Britain's Georgie Hermitage broke her own world record on her way to winning gold in the T37 400m final at the IPC Athletics World Championships.
The 100m silver medallist started strongly and moved smoothly through the rest of the field in Doha.
Hermitage finished in one minute 2.01 seconds, beating the 1:02.48 she set in London in July.
The 26-year-old, who has cerebral palsy, left the sport as a teenager but returned after her daughter was born.
"This is more than I could ever dreamed of," she told BBC Sport.
"I never thought I would get a world record. Today was all about getting around and trying to win gold and make the point there is more in me."
Hermitage had set a world best of 1:02.48 at the IPC Grand Prix Final at the Anniversary Games in London in July.
Her training was then hampered by a foot problem but she showed no ill-effects in the Doha heat and, watched by daughter Tilly, stormed through to win Britain's sixth gold of the championships by over three and a half seconds from her nearest rival, France's Mandy Francois-Elie (1:05.55),
"I think I am trying to make up for lost time. I wasted quite a few years doing nothing and I wouldn't do it if it wasn't for Tilly," the Surrey athlete added.
"She is the fire in my belly. When I go out to train at night and I don't want to be there, I know it is days like this when it pays off and she will have these memories forever.

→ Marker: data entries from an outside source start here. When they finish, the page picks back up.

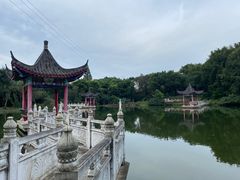 -青龙山国家森林公园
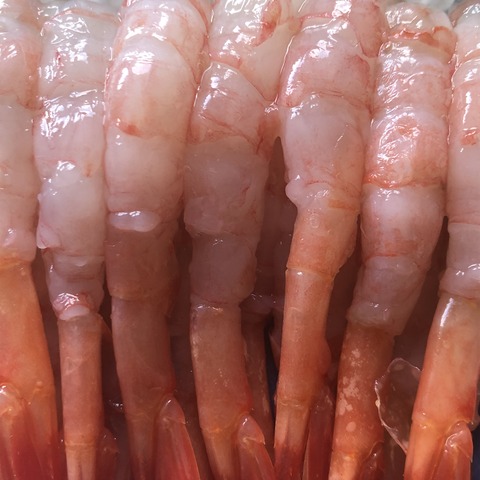 3B017F6C-AB5B-433B-B032-3D654B24C321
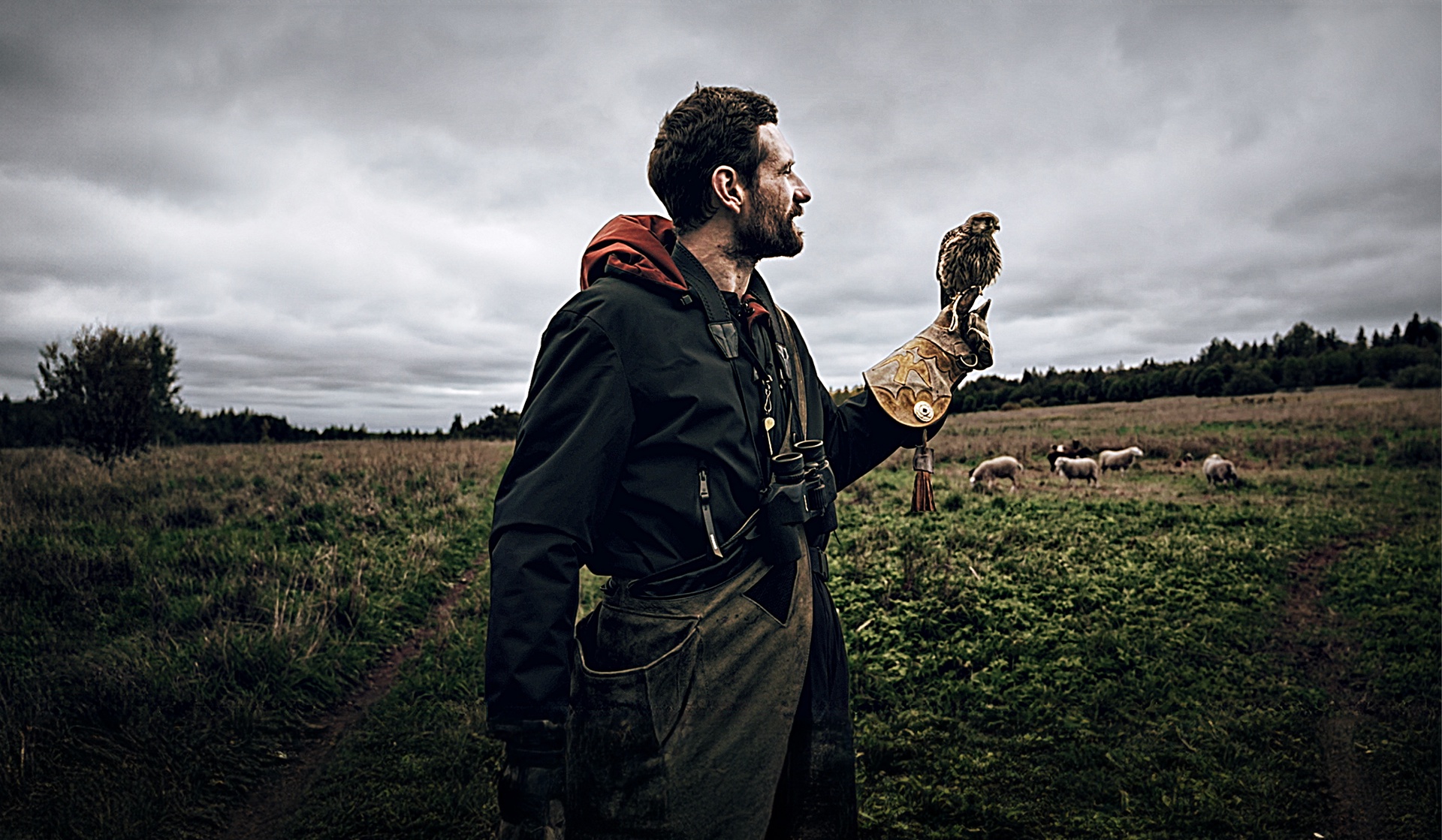 Сокольники нашего времени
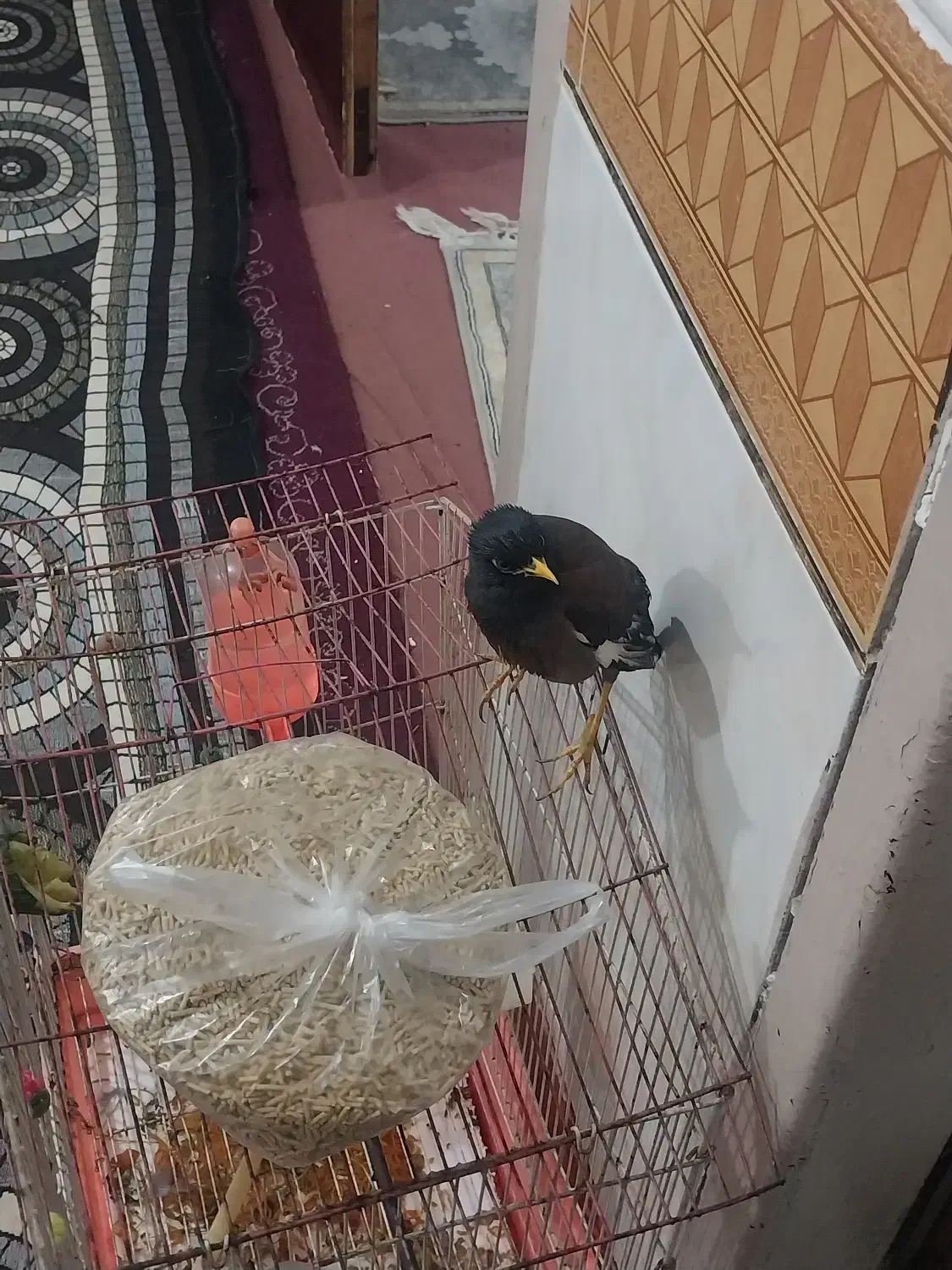 مینا|پرنده|آبادان, |دیوار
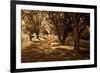 Summer Stroll I-Alan Hausenflock-Framed Photographic Print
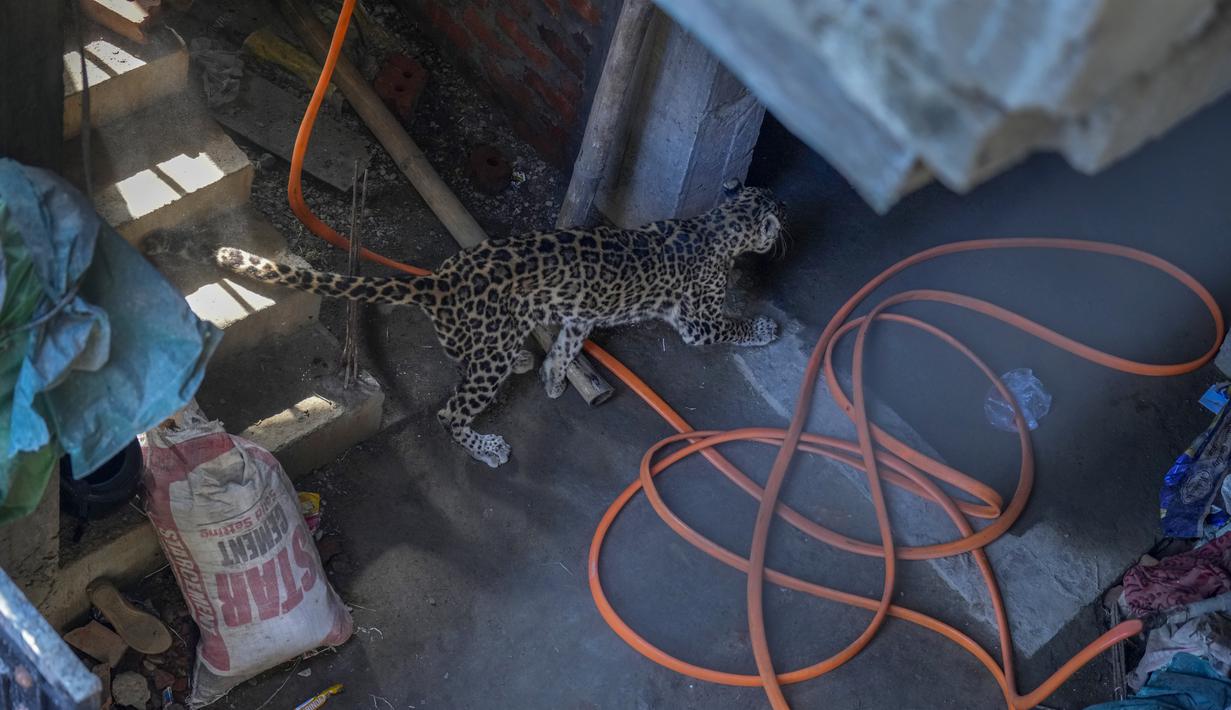 Tiga orang, termasuk dua petugas hutan, terluka ketika macan tutul tersebut menyerang mereka. (AP Photo/Anupam Nath)
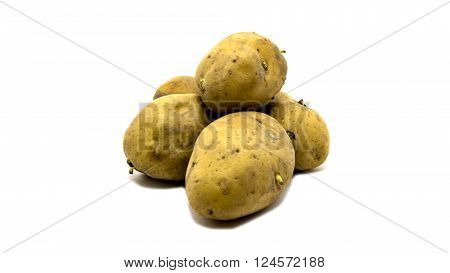 A russet potato on isolated white background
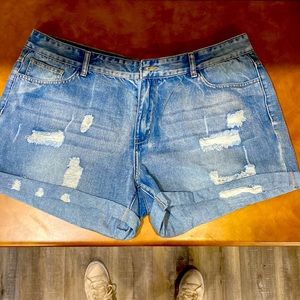 New Distressed Denim Shorts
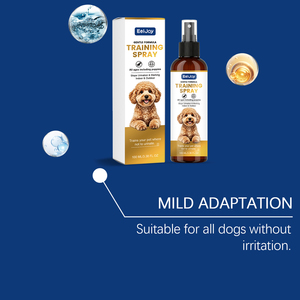 Spray d'apprentissage de la propreté pour chiens, correcteur de parfum, pour la formation aux habitudes et l'hygiène quotidienne dans les zones désignées, personnalisable pour votre marque - Product Image 4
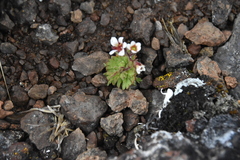 Saxifraga cespitosa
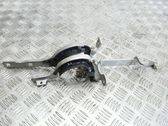 Tailgate/trunk/boot hinge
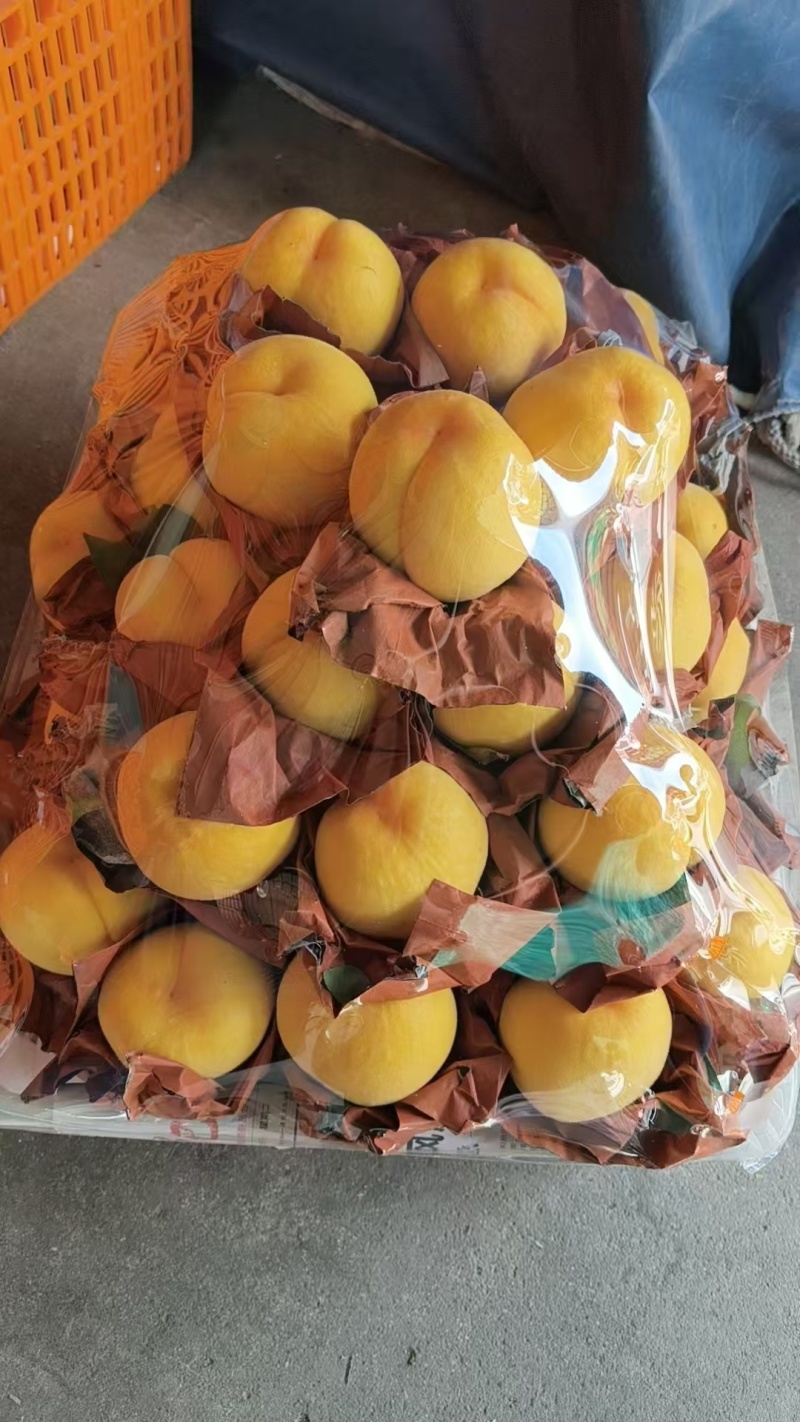 精品黄金蜜桃。大量上市。含糖量高，价格低。一手货源代发全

"She knows mummy goes running and this is what mummy does and it would be great in a few years' time, when she is in school, that she can say this is what mummy did and she was there.
"This has been a good season but I'm trying not to think too much about Rio. I just want to plough on and enjoy winter training.
"It is the ultimate goal but I don't dare look that far ahead, especially when my body is susceptible to injuries. But if it happens then it would be great."
Jomni wins first World medal
Wheelchair racer Mo Jomni made the breakthrough at world level with a first medal in the T53 200m.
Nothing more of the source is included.